I can't see how because ctrl+l is a $SHELL / readline shortcut rather than one defined in the terminal emulator. Once you run a program you're forking STDIN control to another process so you'd have to wait for the $SHELL / readline prompt again just like you would if you typed a command / function / alias into the command prompt.
Is ctrl+c handled; by the terminal emulator?
ctrl+l allows to clear when the prompt is non-empty, maybe parent poster meant that
I'm not 100% sure how ctrl+c (and ctrl+z) are handled but I do know they're edge cases because they're managed by the kernel and are not re-definable.
The terminal can optionally catch some characters and convert them to signals.

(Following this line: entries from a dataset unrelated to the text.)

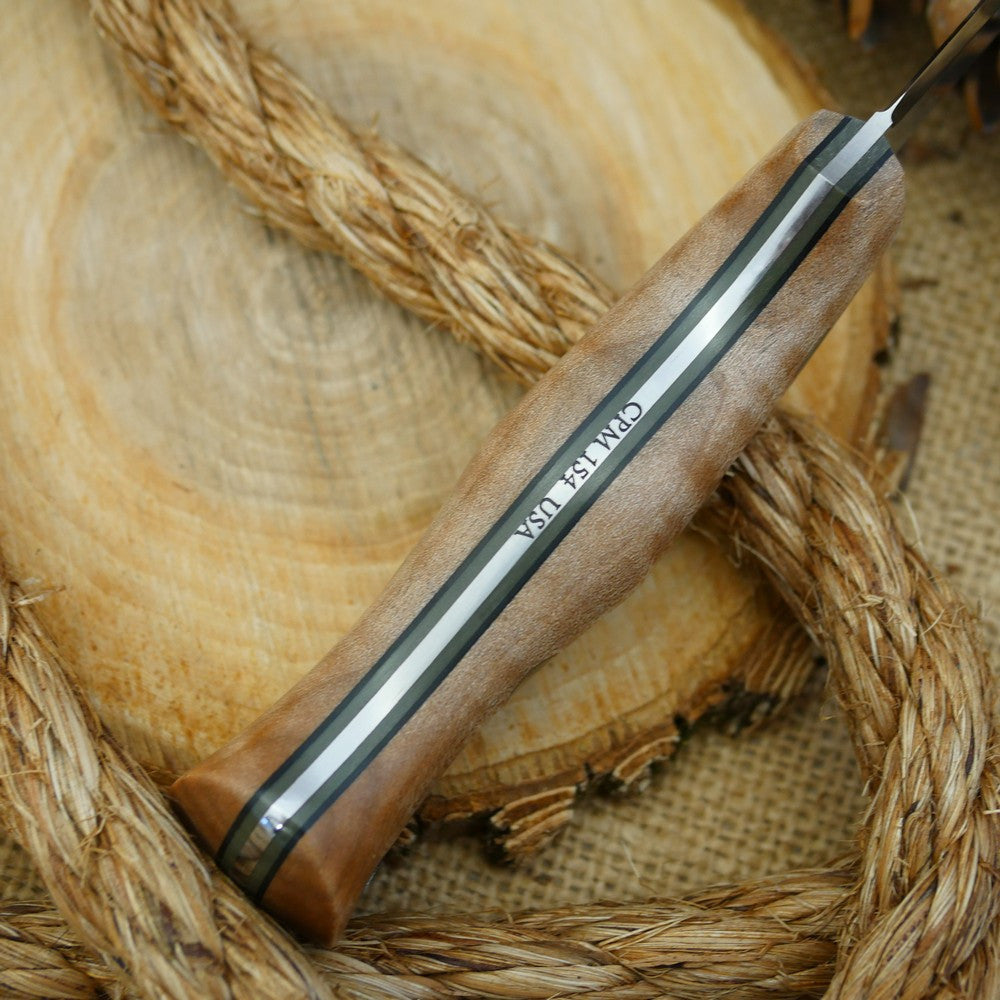 A Voyageur bushcraft knife with curly maple handle scales and double liners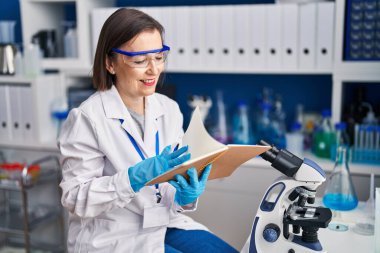 Orta yaşlı bilim kadını, laboratuarda kendinden emin bir şekilde kitap okurken gülümsüyor.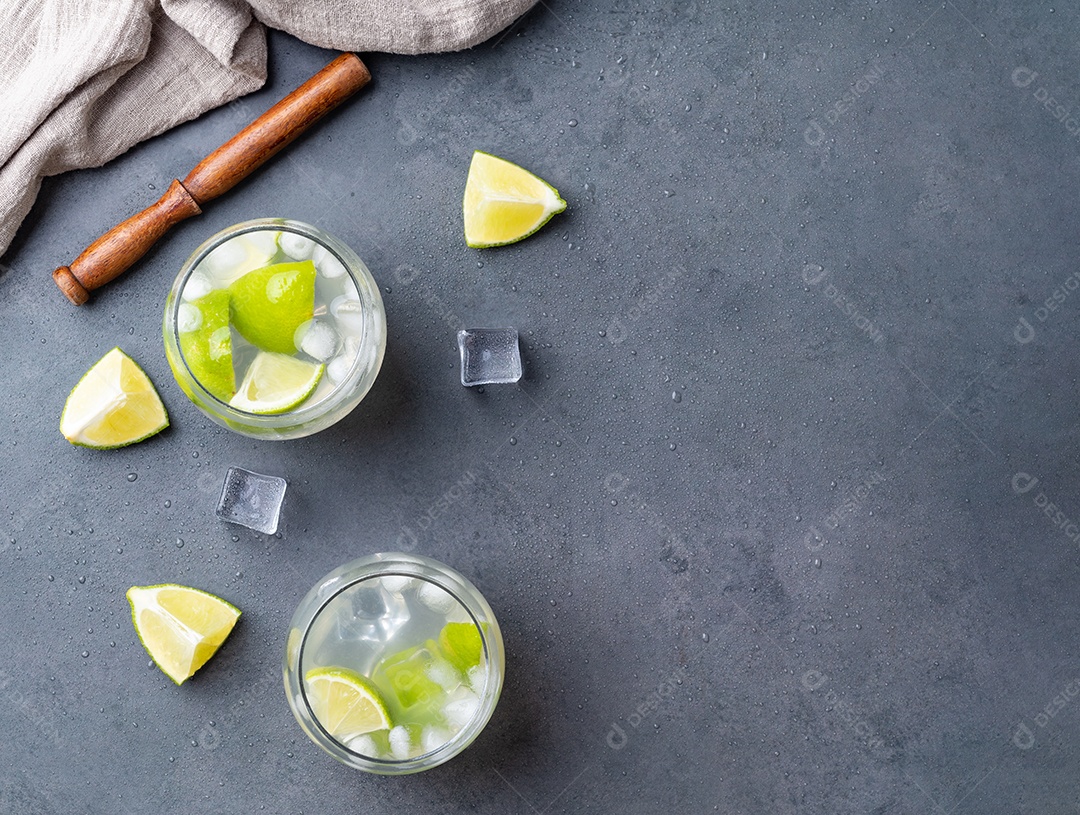 Caipirinha de limão brasileiro em copos com gelo e fatias de frutas sobre fundo de pedra.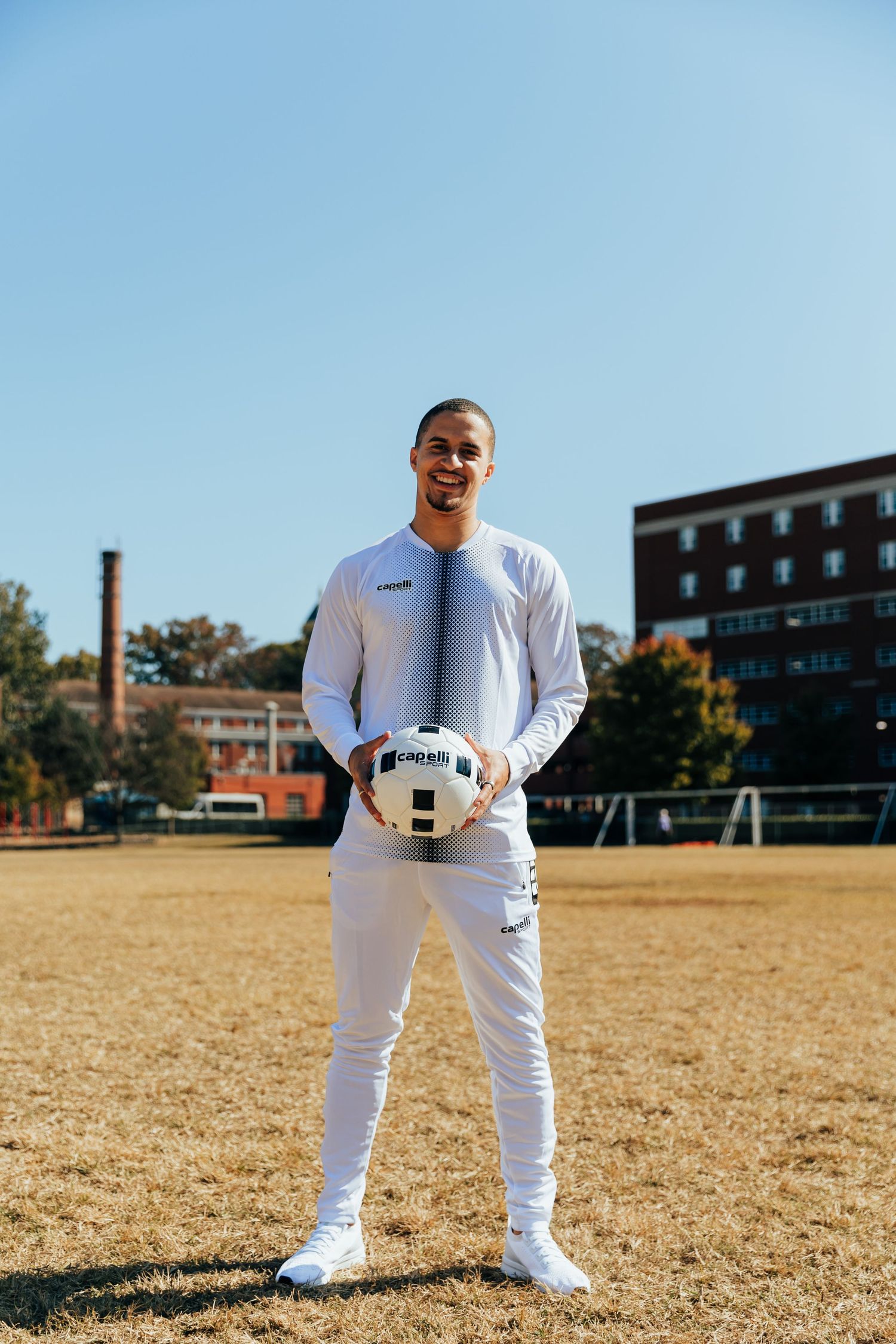 Young male soccer player holding a ball on an outdoor field wearing a white athletic outfit.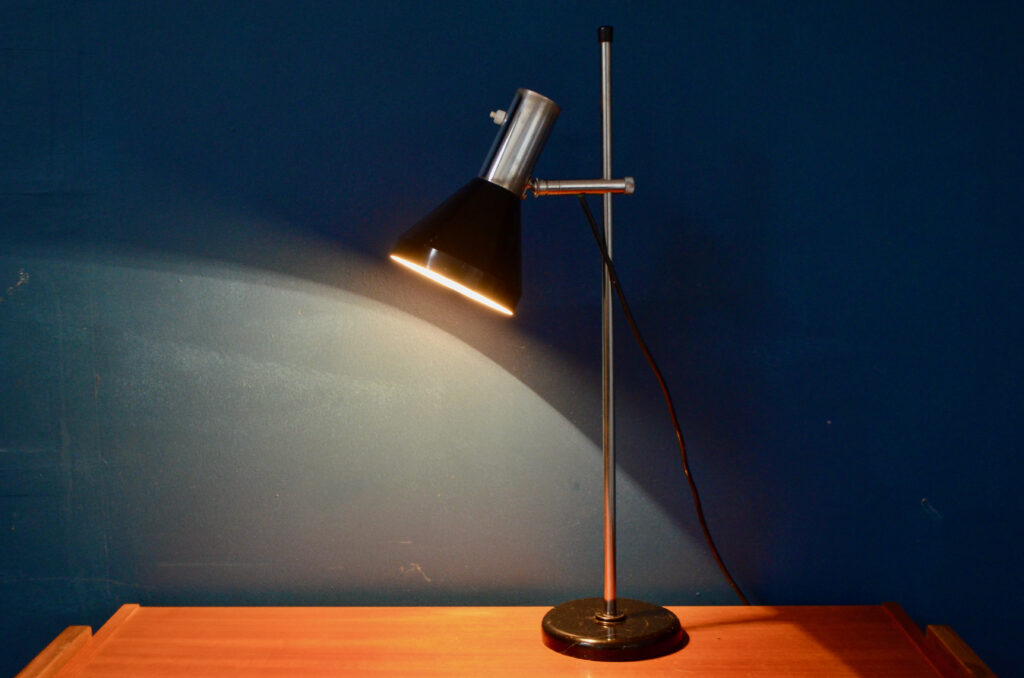 Le design de cette petite lampe est touchant de simplicité et d'élégance. Ses lignes sobres et fonctionnelles l'ancrent dans le design des années 60. Réglable en hauteur et orientable, elle est aussi pratique que sobre. Le chrome du support se marie à merveille avec la peinture sombre du déflecteur. Nous aimons l'imaginer sur une table à dessin d'architecte ou comme compagne de bricolage ou d'écriture.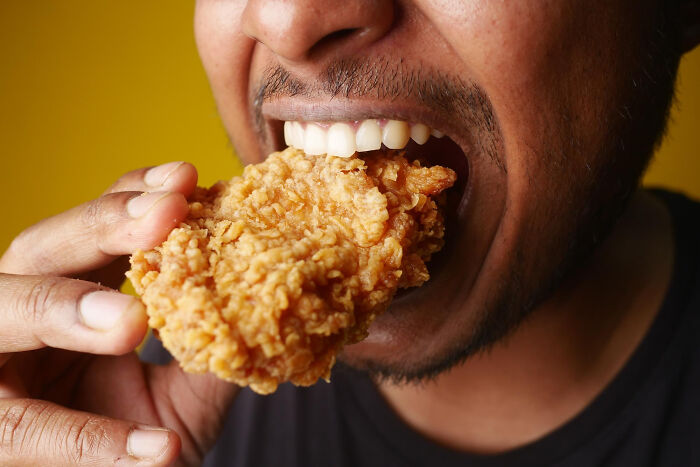 Man eating crispy fried chicken close-up showing clueless dads doing lovable things while their wives were pregnant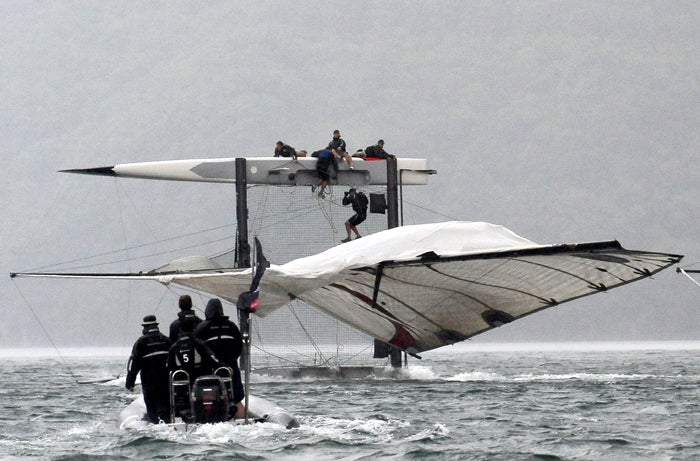 America's Cup winning helmsman Ed Baird flips the Alinghi Extreme 40 catamaran at the iShares Cup grand prix in Lugano
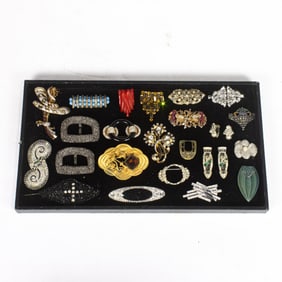Twenty-two Art Deco, Art Nouveau-style and Art Deco style brooches, earrings and shoe clips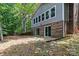 Side view of the home featuring a brick foundation and beautiful windows and sliding doors at 505 Kemp Rd, Mooresville, NC 28117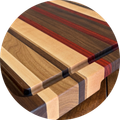 Wooden cutting board with striped wood grain and rounded corners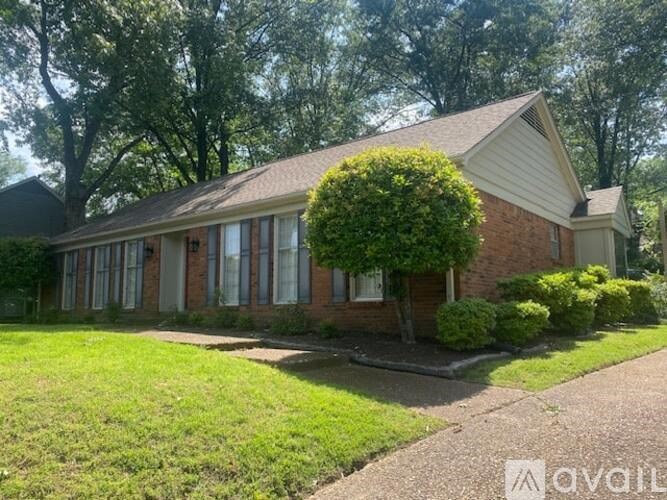 A house with a well-maintained lawn and a driveway in front.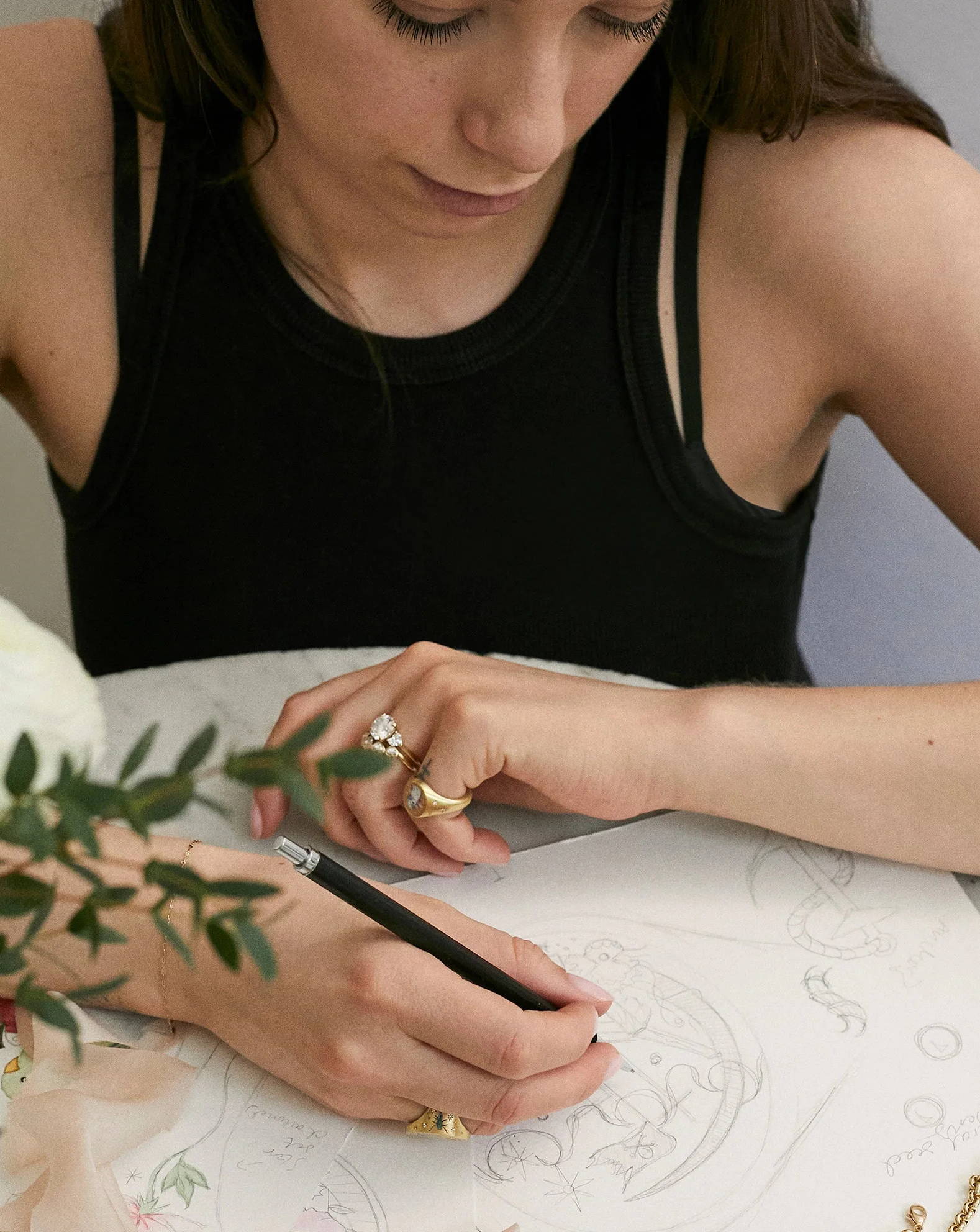 Woman drawing on paper at a table with flowers nearby.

By default, ^C sends SIGINT, ^\ sends SIGQUIT, and ^Z sends SIGTSTP. Programs can disable that for their own purposes (stty -isig) and you can rebind them to other characters if you want (stty intr, stty quit, stty susp) but I don't know why anyone would these days.
Sure, theoretically terminal emulators could capture and even rebind those keys via the APIs of whatever graphical toolkit they're built in....but if you wanted to rebind SIGINT to another key in the terminal emulator, that terminal emulator would still have to transmit ^c to the tty.
As for rebinding those keys in the kernel, Linux simply doesn't support doing that and nor does it support binding other keys to different signals. In fact I've tried to do this on a tool I was working on to emulate BSD's SIGINFO in Linux (turned out not to be possible) as as well part of the job control (SIGSTSP et al) support in my $SHELL (https://github.com/lmorg/murex).
This is also why you can throw signals over an SSH (or other remote shell) session when the terminal emulator itself would have no knowledge of the commands running on the remote host.